> Assigned task
Starting with the line below that holds "Are Veneers Fake Teeth" and stopping after the line that holds "Feel like I", transcribe the lines exactly, leaving out all pictures.

> Supplied records
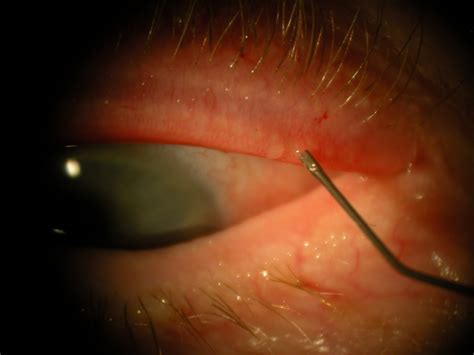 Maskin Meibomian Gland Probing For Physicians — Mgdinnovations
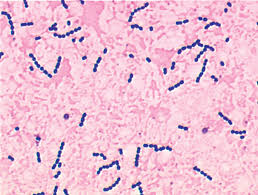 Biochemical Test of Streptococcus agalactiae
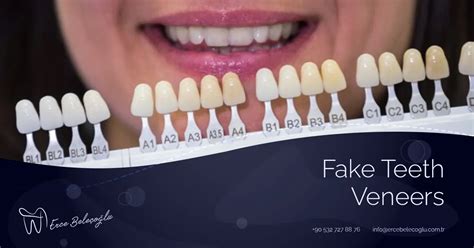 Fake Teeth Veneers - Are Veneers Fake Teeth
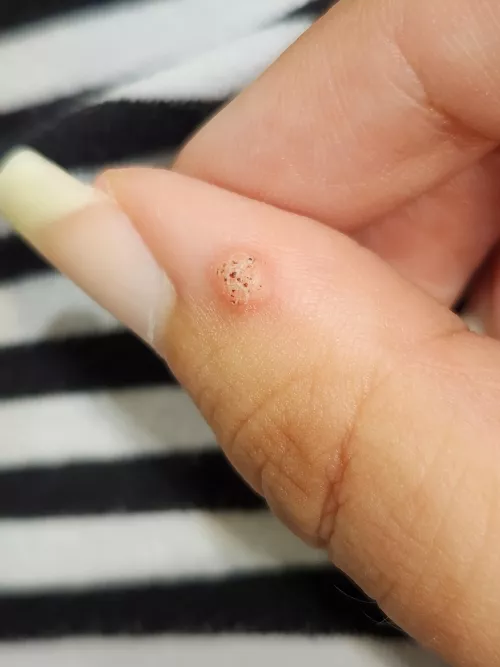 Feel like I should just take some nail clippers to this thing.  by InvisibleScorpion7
* * *
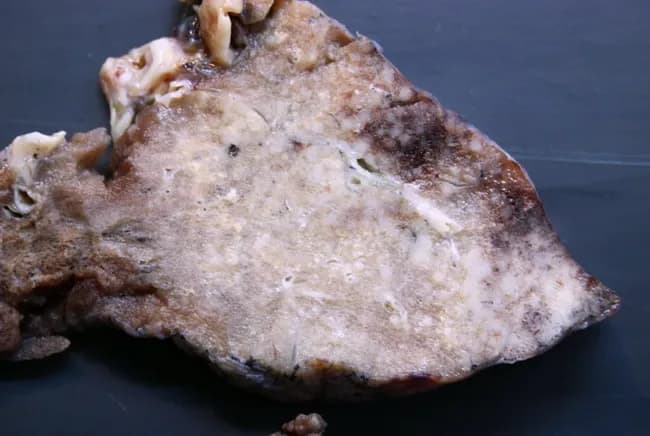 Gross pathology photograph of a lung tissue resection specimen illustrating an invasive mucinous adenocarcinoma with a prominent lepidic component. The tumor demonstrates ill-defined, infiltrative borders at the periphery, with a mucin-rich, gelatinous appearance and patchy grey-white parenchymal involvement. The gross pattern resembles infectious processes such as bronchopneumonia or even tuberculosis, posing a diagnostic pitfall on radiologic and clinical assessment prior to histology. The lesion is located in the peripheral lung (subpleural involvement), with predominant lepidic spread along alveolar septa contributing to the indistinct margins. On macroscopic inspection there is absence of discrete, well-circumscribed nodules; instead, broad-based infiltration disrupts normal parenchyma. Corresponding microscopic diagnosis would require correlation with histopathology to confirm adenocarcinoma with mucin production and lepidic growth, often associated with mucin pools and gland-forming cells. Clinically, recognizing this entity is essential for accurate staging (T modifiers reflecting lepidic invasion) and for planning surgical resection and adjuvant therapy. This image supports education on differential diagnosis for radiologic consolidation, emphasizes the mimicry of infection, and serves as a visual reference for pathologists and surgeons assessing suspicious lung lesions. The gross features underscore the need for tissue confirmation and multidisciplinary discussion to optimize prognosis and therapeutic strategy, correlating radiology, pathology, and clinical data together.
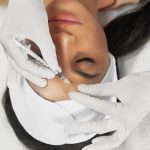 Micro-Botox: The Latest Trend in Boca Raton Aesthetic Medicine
==
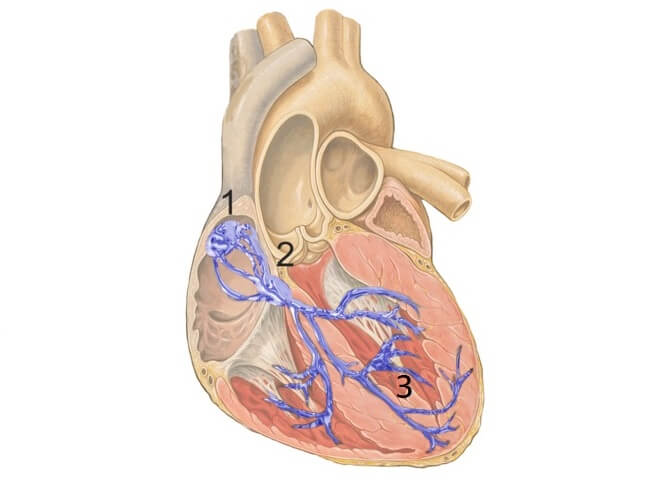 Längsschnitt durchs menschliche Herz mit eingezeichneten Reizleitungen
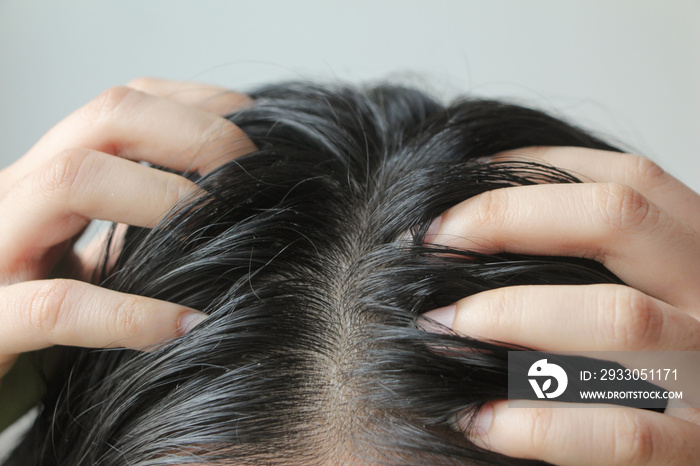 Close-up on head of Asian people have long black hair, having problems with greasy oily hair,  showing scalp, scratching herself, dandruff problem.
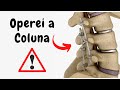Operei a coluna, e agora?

> Task output
 Fake Teeth Veneers - Are Veneers Fake Teeth
 Feel like I should just take some nail clippers to this thing.  by InvisibleScorpion7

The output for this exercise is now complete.